I don’t know what they should have done instead of a full streaming service, but surely there were alternatives? I’ve seen comments from people suggesting they GET a Patreon. Lean on that more! Do the shows exclusive for a month and then let them roll onto YouTube! I don’t know! Anything but One More Fucking Streaming Service, which enraged me, and I was willing to move my support to it!
And I shouldn’t say this, but I will. In the “Goodbye YouTube” video the guys posted, they say that setting up the streaming service has allowed Steven to do a remake of Worth It where he and his cohosts travel the world and eat expensive food.
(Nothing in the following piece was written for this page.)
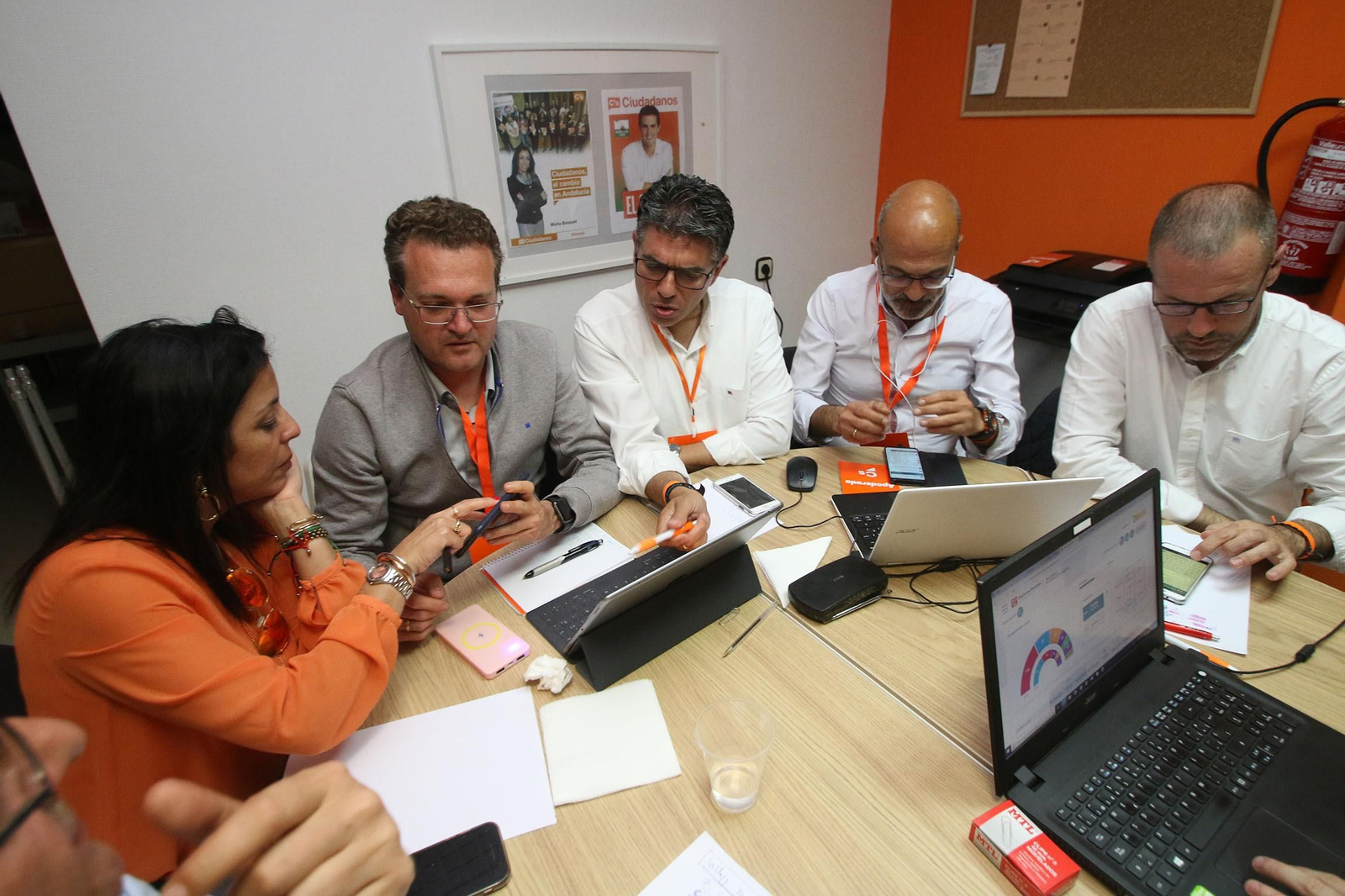 Fotogalería sedes electorales Almería. Elecciones Generales 2019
This is the first new show they announce. Not “We have always been committed to diversity and we’re now able to bring on new creator(s) to expand our programming.” No, a redo of an old show that by definition has got to be expensive. Commenters are saying they can’t pay for the streaming service because they can’t make ends meet in this economy. The optics are terrible. I genuinely question what the thought process even was here.
I love the guys and I still watch their shows. I want to see Watcher succeed. I started watching Buzzfeed Unsolved in 2018 while recovering from surgery—as with a lot of people, their shows got me through a tough time. I’m as attached as anyone. If I can continue to afford monthly support—this is not a certainty—I’ll give it to them. I’m not a ~hater who doesn’t want Watcher to make money. But I am absolutely BAFFLED by every single decision here. I want them to figure out how to turn this around and go in a better direction, because right now, this ain’t it.